20 Recommended Sightseeing Spots in Wakayama From the Standards to Hidden Gems
Wakayama Prefecture is an area surrounded by mountains that look out into a beautiful ocean. It is home to many attractive and famous spots, including World Heritage Sites such as the Kumano Sanzan (three major shrines) and Mt. Koya. Read on and get to know 20 recommended tourist spots in Wakayama!
Where is Wakayama?
Wakayama Prefecture is located to the south of Osaka and Nara. If you come by Nankai Electric Railway, it will take you about 90 minutes from Osaka and around 50 minutes from Kansai International Airport to get to Wakayama City. From Tokyo, there are direct flights between Haneda Airport and Nanki-Shirahama Airport that take about 75 minutes.
In this article, Wakayama Pref. will be divided into five areas – Wakayama City, Mt. Koya, Kichu, Shirahama-Kushimoto, and Kumano.
Wakayama City Area
The Wakayama City area is located in the northern part of Wakayama Prefecture.

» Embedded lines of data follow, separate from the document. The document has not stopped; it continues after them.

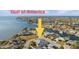 An aerial view of a waterfront community showcasing the beautiful canal and stunning homes at 3912 Rudder Way, New Port Richey, FL 34652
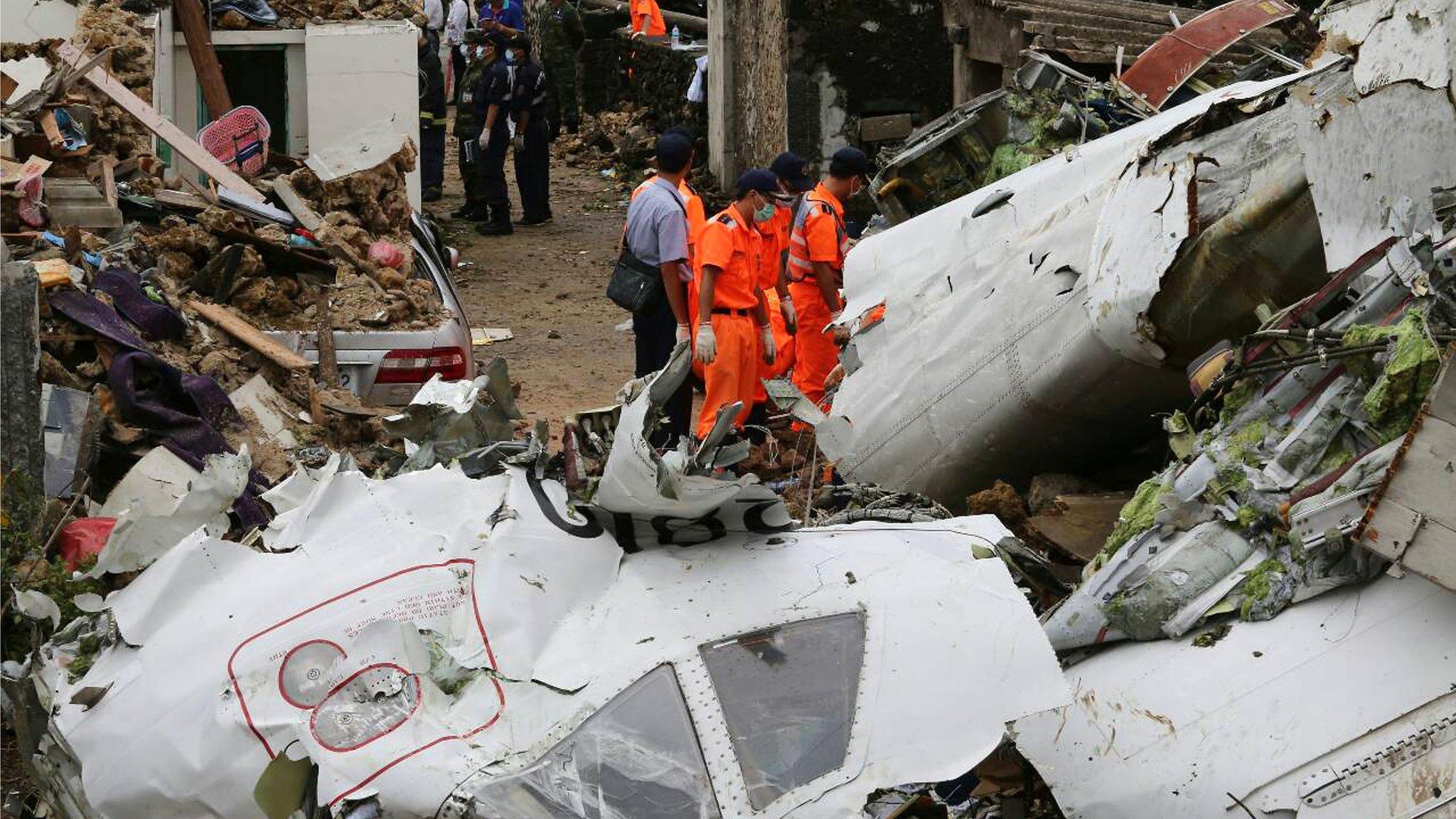 Rescue workers survey the wreckage of TransAsia Airways Flight GE222 on the Taiwanese island of Penghu on 24 July 2014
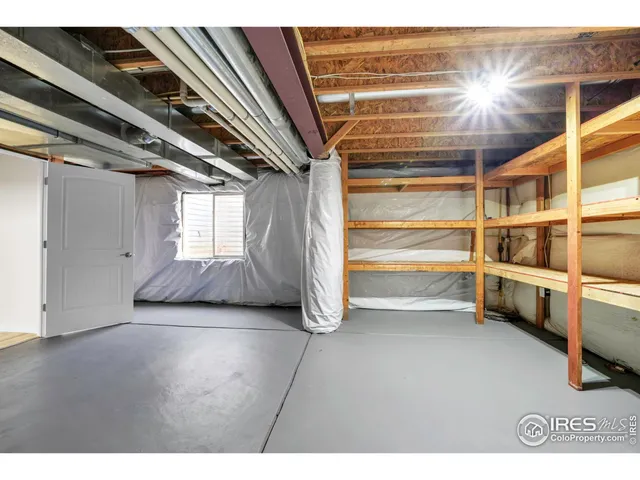 a view of an empty room with wooden floor and cabinets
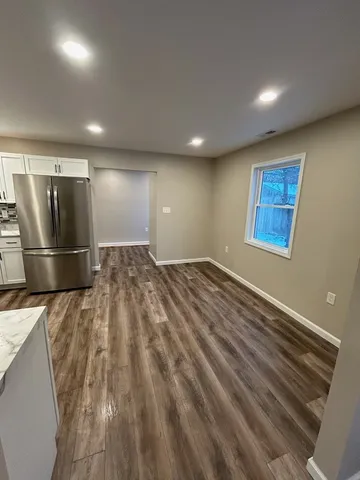 a room with a bed and a lamp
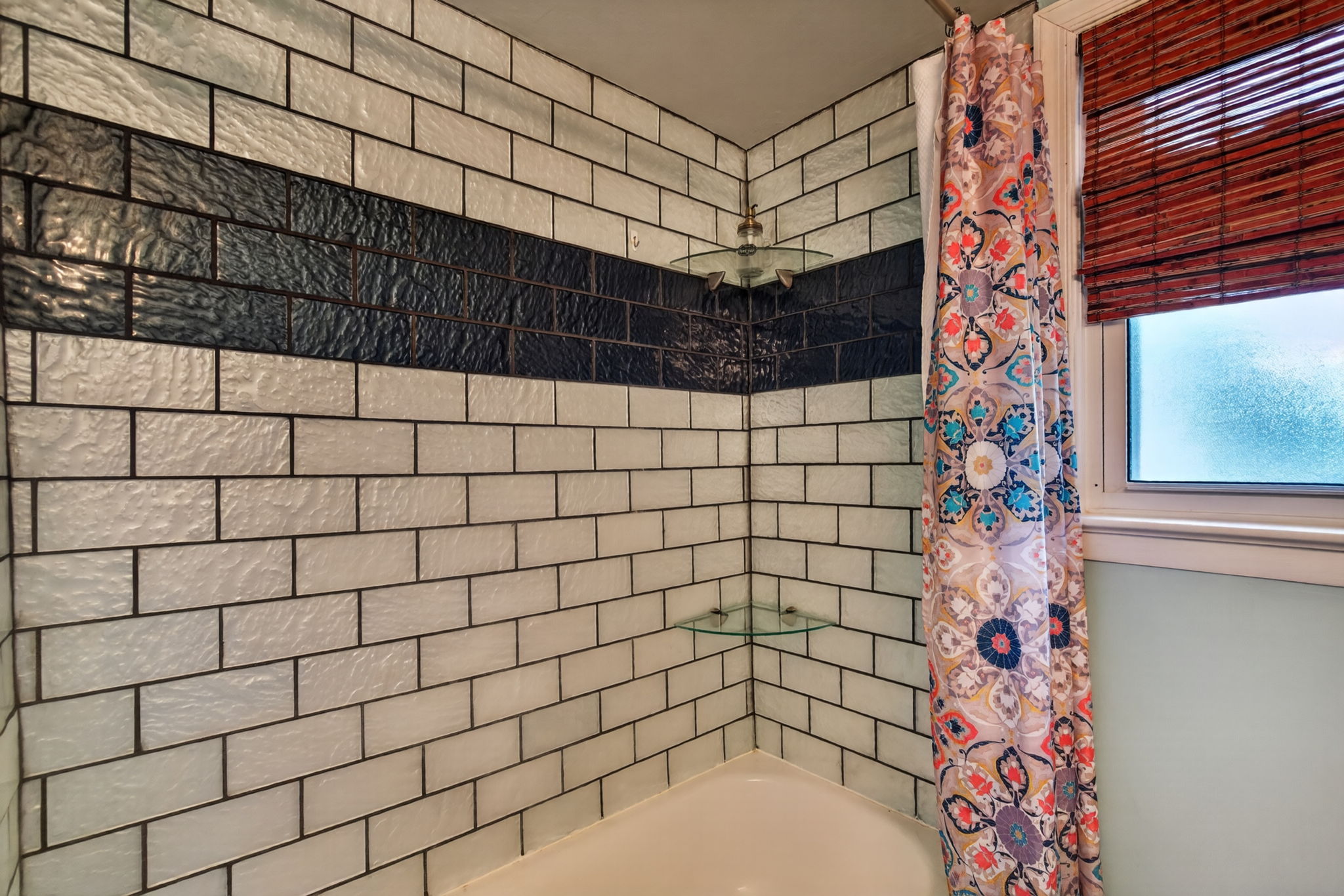 Bright and refreshed hall bath.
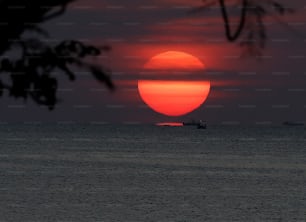 the sun is setting over the ocean with a boat in the distance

This area is dotted with a lot of historic landmarks due to its long history as a castle town centered around Wakayama Castle. The city faces the sea, so enjoying the ocean - whether through swimming or by eating seafood - is another one of Wakayama's true pleasures.
Visit Wakayama Castle
Wakayama Castle is a famous landmark that is considered the symbol of Wakayama City. It was the residential castle of the Kishu Tokugawa family, which had the second highest social standing during the Edo period (1603 – 1867) next to shogunate families. Inside the castle, you will see the tenshu (castle tower) rising at the center, elegant structures such as Okaguchi-mon (Okaguchi Gate) and Ohashi-roka (Ohashi Bridge), and the famous Nishinomaru Teien, a garden known for its beauty in every season, giving you a glimpse of the castle’s past. There are many other attractions in this castle, including Wakayama Historical Museum, a zoo, and Kosho-an, a traditional tea house where you can drink matcha (powdered green tea).
Admission fee for the castle tower: General - 410 JPY, Child (Elementary and junior high school students) - 200 JPY
Ride the Wakayama Electric Railway Kishigawa Line with Nitama, the Cat Stationmaster
Kishi Station, on the Wakayama Electric Railway Kishigawa Line, is a unique station where the stationmaster is a calico cat named Nitama. Throngs of tourists from inside Japan and overseas flock to this station to get a glimpse of this adorable cat. From station building which is designed to look like the face of a cat, to the Tama Densha (Tama Train), a train decorated inside and out with cat imagery, there is plenty to see that will surely have cat lovers enraptured! It takes about 30 minutes to get to Kishi Station from JR Wakayama Station. Along the route, you will pass the famous Wakayama shrines Hinokuma-jingu and Itakiso-jinja.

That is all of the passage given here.